1. De março até agora

battisti3Desde abril último, importantes pareceres institucionais e simbólicos vieram reforçar o entendimento de que Cesare Battisti não deve e não pode ser extraditado para a Itália. O constitucionalista José Afonso da Silva, tido como um dos mais respeitados do país, deu parecer a favor da extinção do processo de extradição, uma vez sendo legal a concessão de refúgio dada pelo Ministro da Justiça. Parecer que foi feito a pedido da OAB [Ordem dos Advogados do Brasil] e aprovado pela entidade, que assim se posicionou oficialmente a favor da permanência de Battisti no Brasil, e em liberdade. A pedido do próprio relator do processo no STF [Supremo Tribunal Federal], a Procuradoria Geral da República também deu parecer pela legalidade da decisão do Ministro da Justiça. O Conare (Comitê Nacional para Refugiados) e o Alto Comissariado das Nações Unidas para Refugiados (Acnur) divulgaram documento em que se posicionam a favor de que o STF respeite a decisão do Ministro da Justiça, demonstrando o receio de que qualquer decisão em contrário implique em um retrocesso na concessão de refúgio político não só no Brasil, mas no mundo.

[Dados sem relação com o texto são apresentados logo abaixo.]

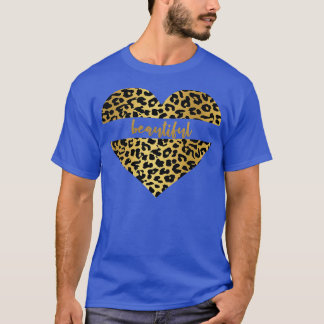 Leopard print heart 1 T-Shirt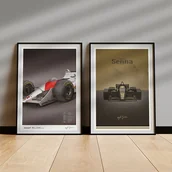 Obrazy i zdjęcia - Zestaw 2 plakatów - Ayrton Senna - miniaturka - grafika 1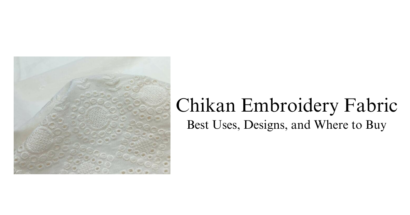 Chikan Embroidery Fabric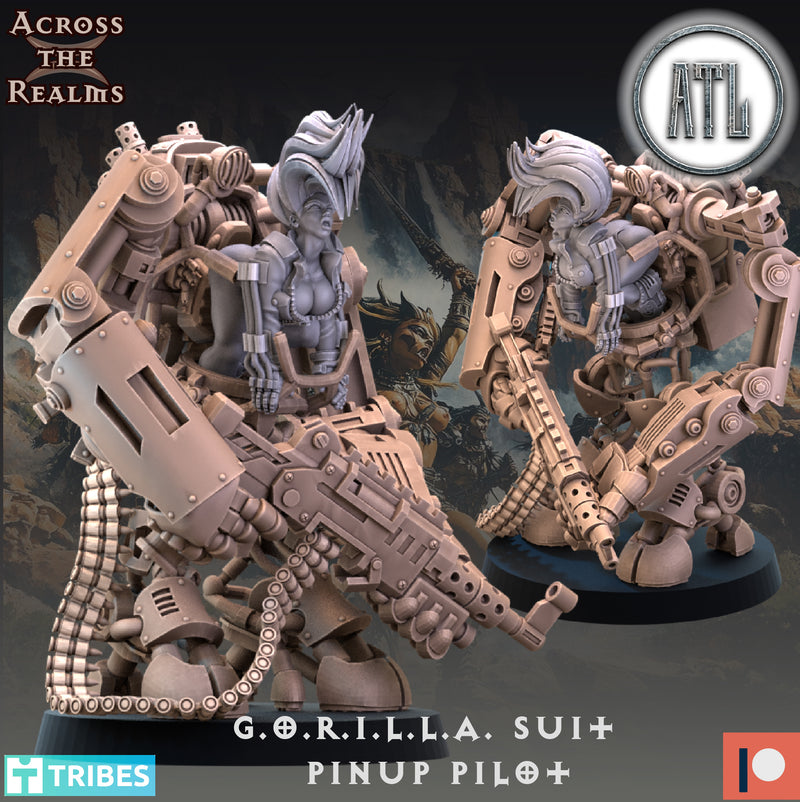 Gorilla Suit Pin-Up Pilot | Beast Huntaz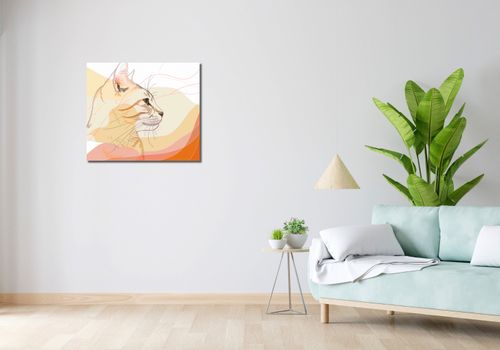 Obraz 70x60cm Delikatny Profil Kota na Arena.pl
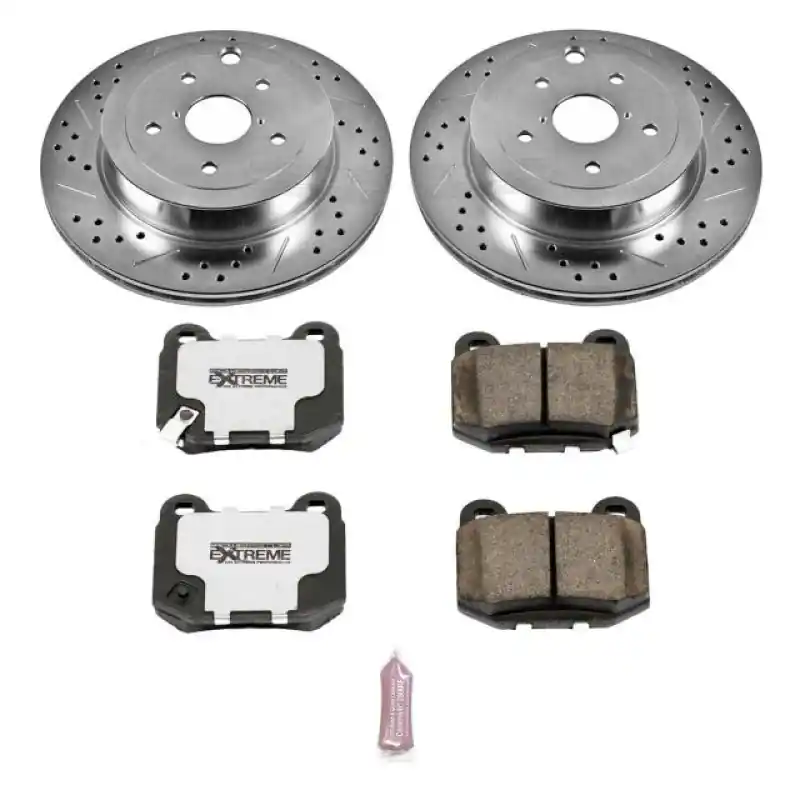 Power Stop 08-14 Subaru Impreza Rear Z26 Street Warrior Brake Kit (PSBK5305-26)
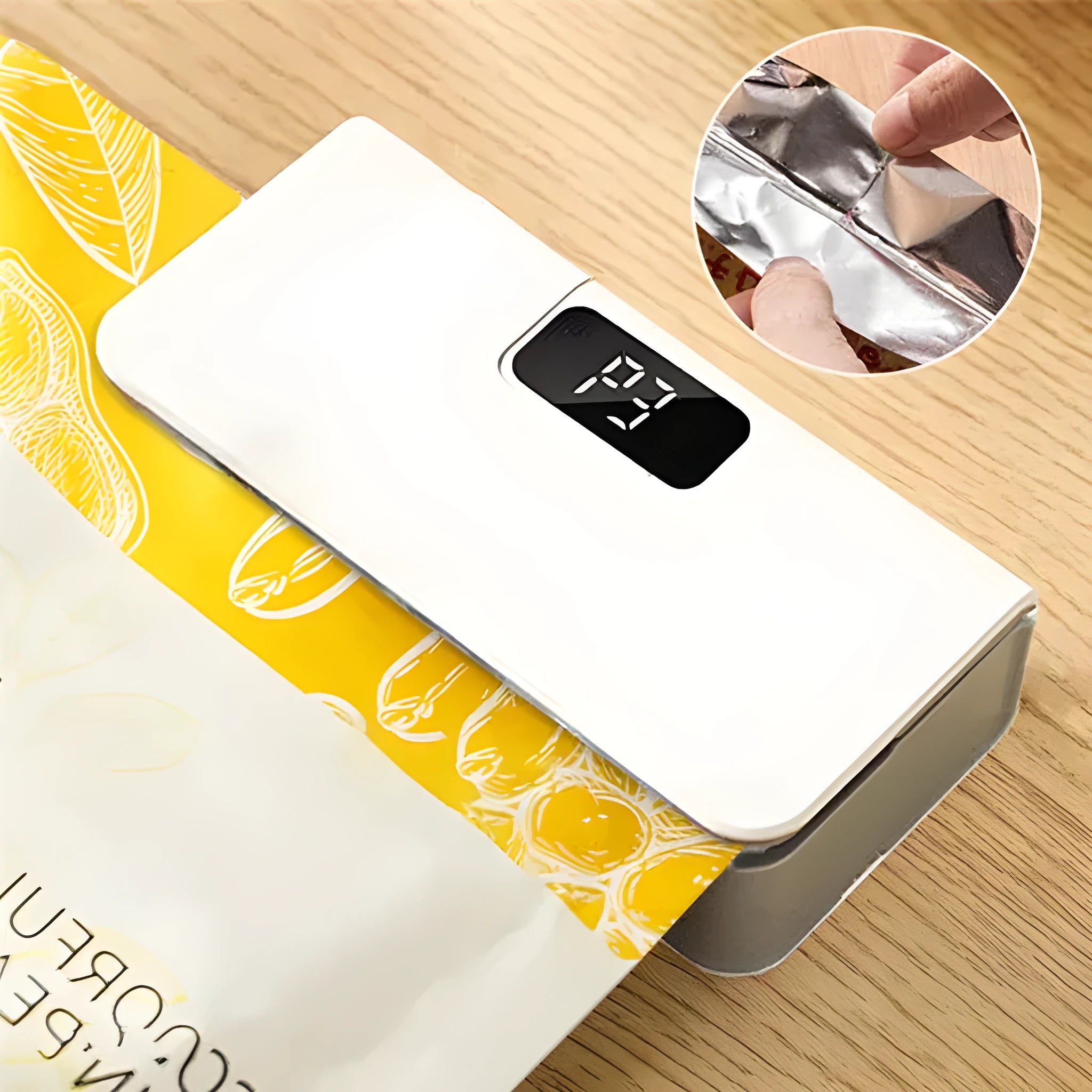 Blue and white portable mini handheld heat sealing machine for plastic bags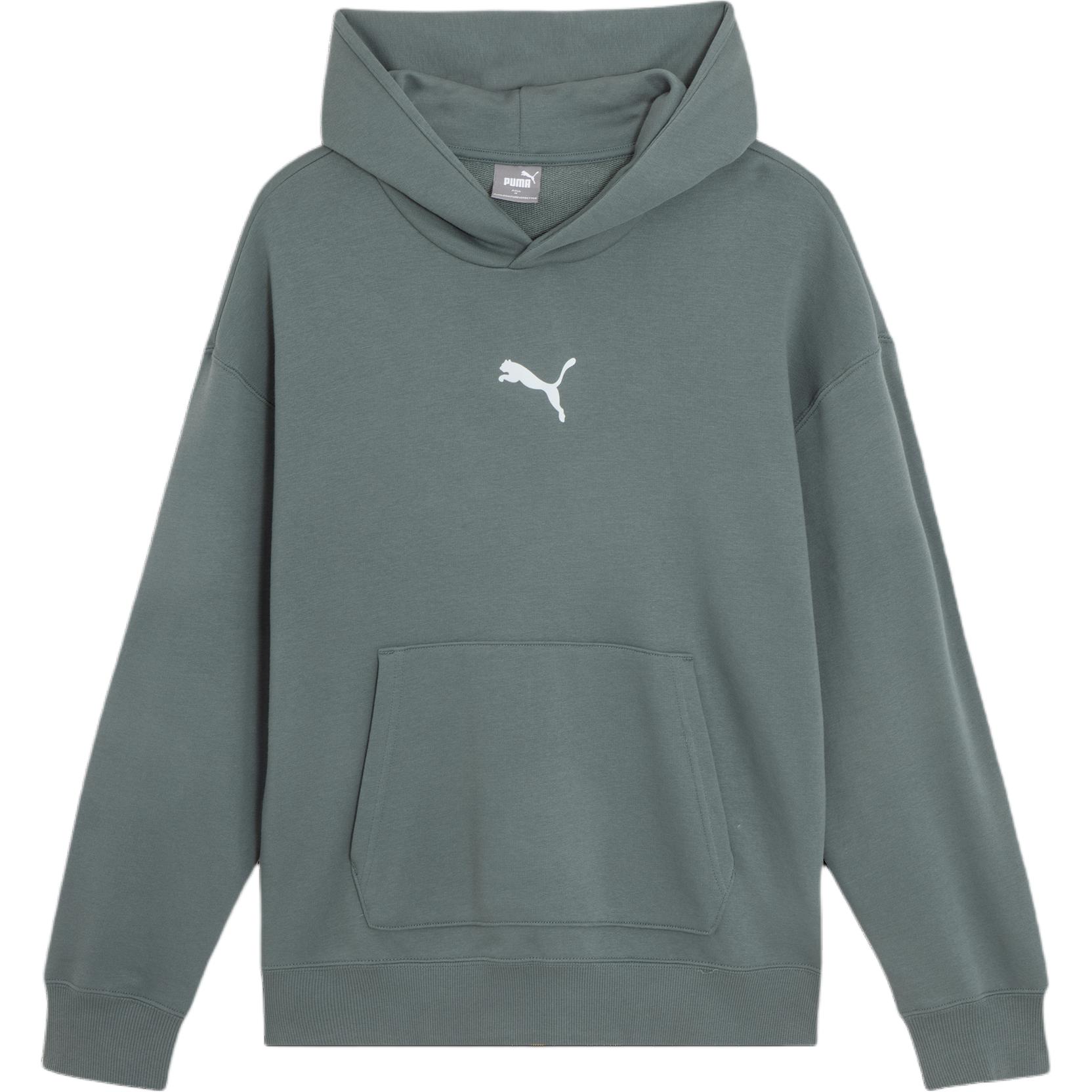 Puma ESS Relaxed+ Hoodie FT Men’s Casual Pullover Green 683480-82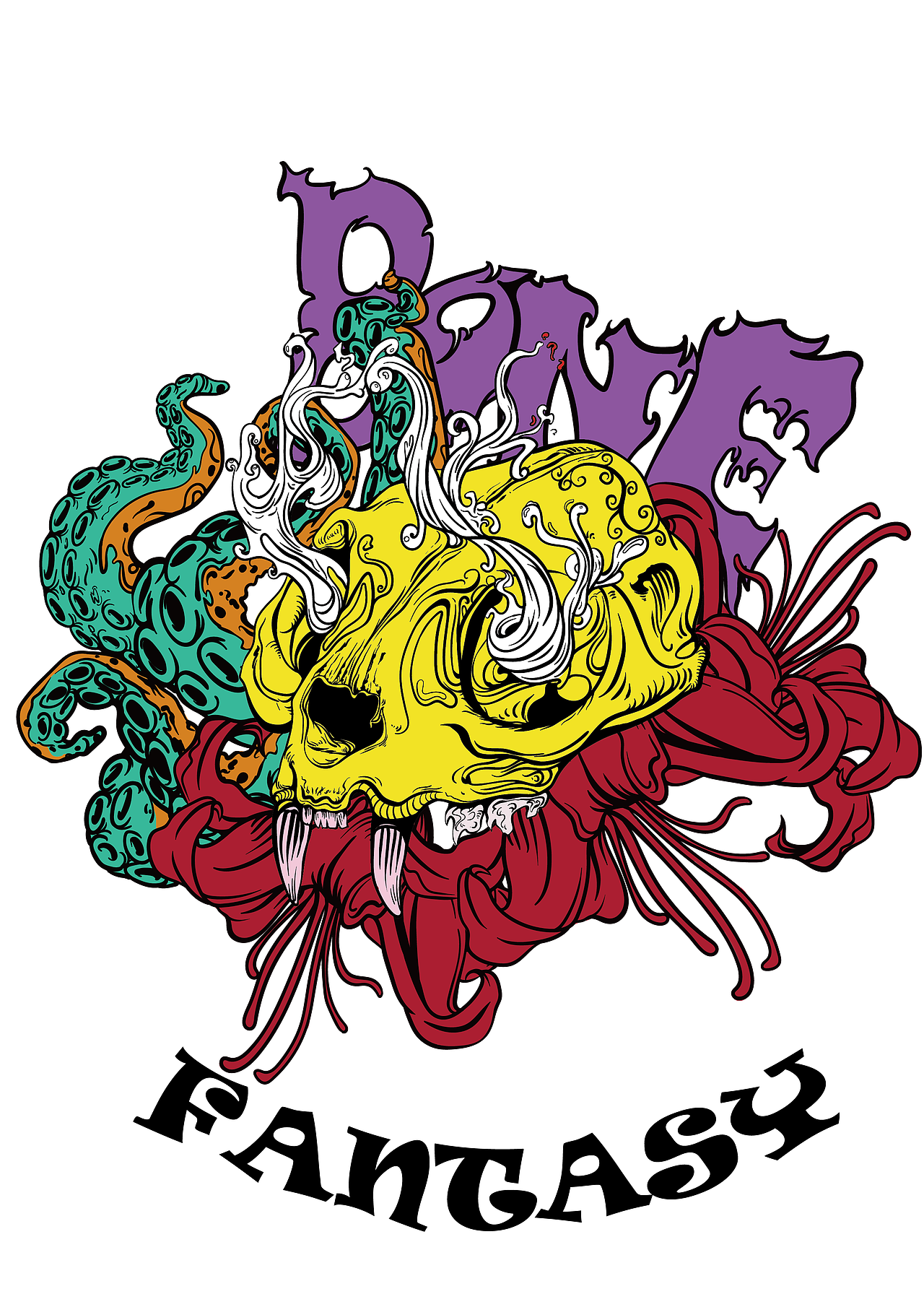 图案商品运用（图ZMjU3NzMwMjQ4） - 新锐潮流插画 - 站酷设计师秃头恶汉原创素材 - 站酷ZCOOL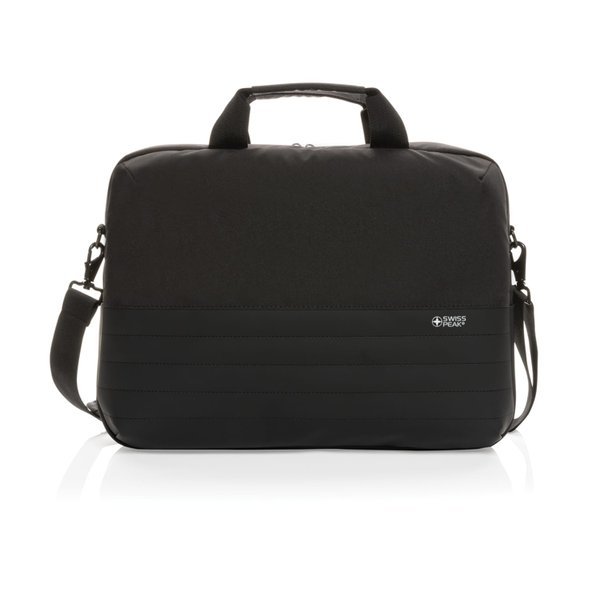 Сумка для ноутбука Swiss Peak с RFID-защитой из rPET AWARE™, 15,6’’ - Сумка для ноутбука Swiss Peak с RFID-защитой из rPET AWARE™, 15,6’’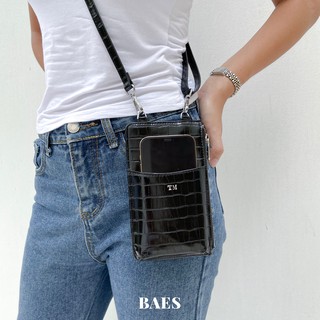 ไม่ปั๊มชื่อ! Phone Holder Slim Bag กระเป๋าใส่โทรศัพท์มือถือและบัตร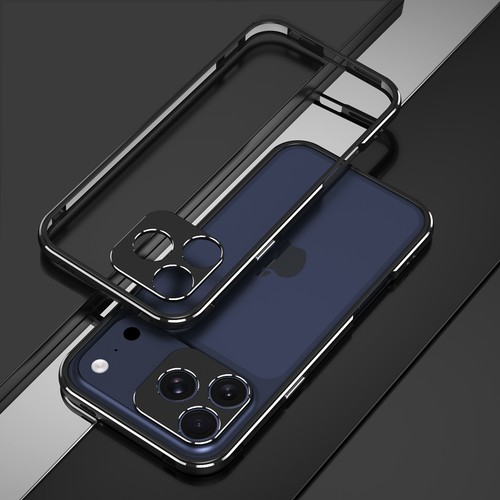 For iPhone 17 Pro Max/17 Pro Dual Color Metal Bumper Case with Camera Protector - Picture 23 of 27
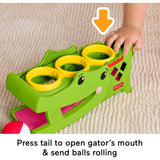 Fisher-Price Sit & Tap Rolligator, Baby Toy - Crawling Activity, Pounding Hammer & 3 Balls,  Ages 9+ Months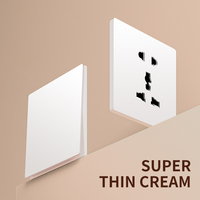 Harga Pabrik UK Hotel Wall Light Switch 86mm*146mm Standar Multiwarna Plastik Panel Sentuh 4-arah Retro Max. Tegangan 220V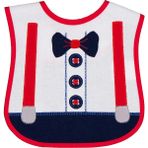 Civil Baby Damatlık Baskılı Mama Önlüğü - Ekru - Ekru - Hardal - Standart
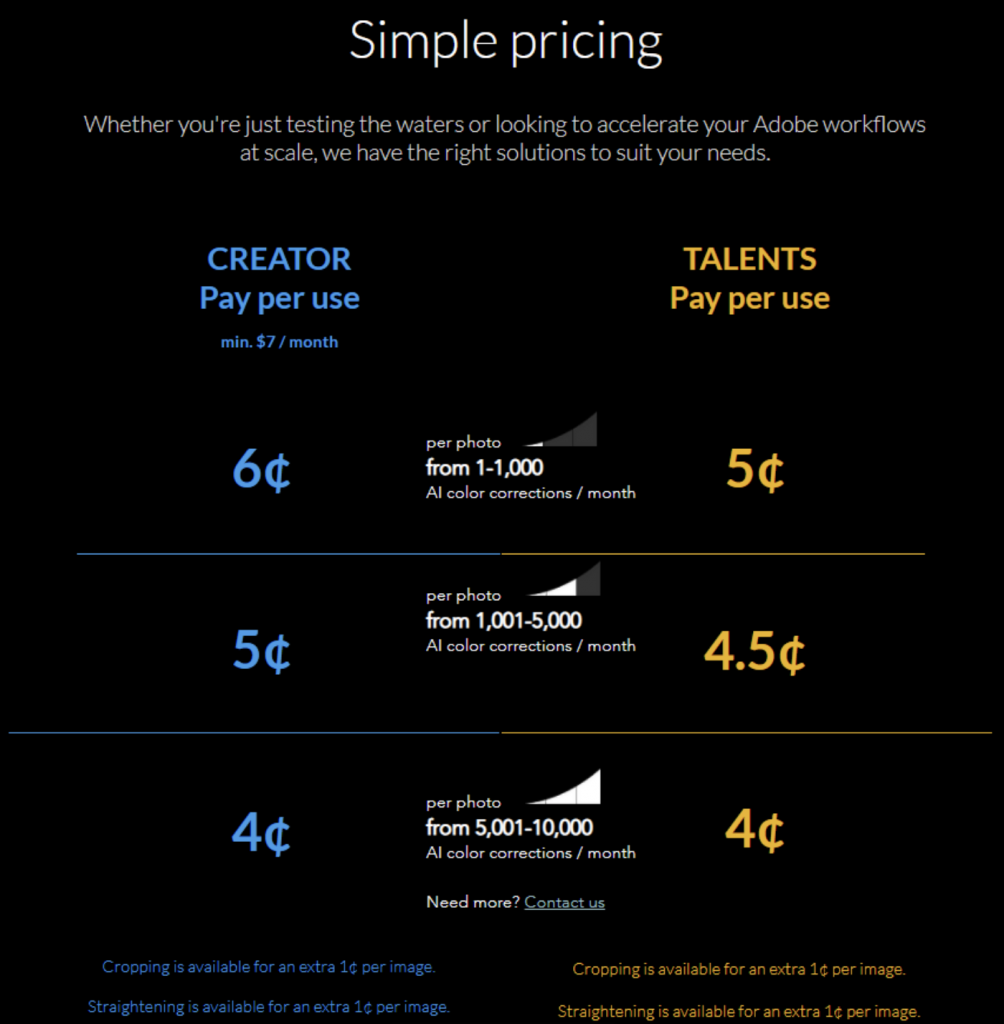 Kosten für einen Bildbearbeitungsprogramm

No início de junho o presidente da OAB divulgou nota pedindo rapidez no julgamento do pedido de extradição de Cesare Battisti por parte do STF. Battisti, que recebeu status de refugiado em dezembro do ano passado, ainda se encontra preso, seis meses depois, somando quase dois anos e meio de prisão no Brasil. O presidente da OAB bem aponta que a morosidade do processo, ruim em si mesma, se agrava pela falta de liberdade de Battisti.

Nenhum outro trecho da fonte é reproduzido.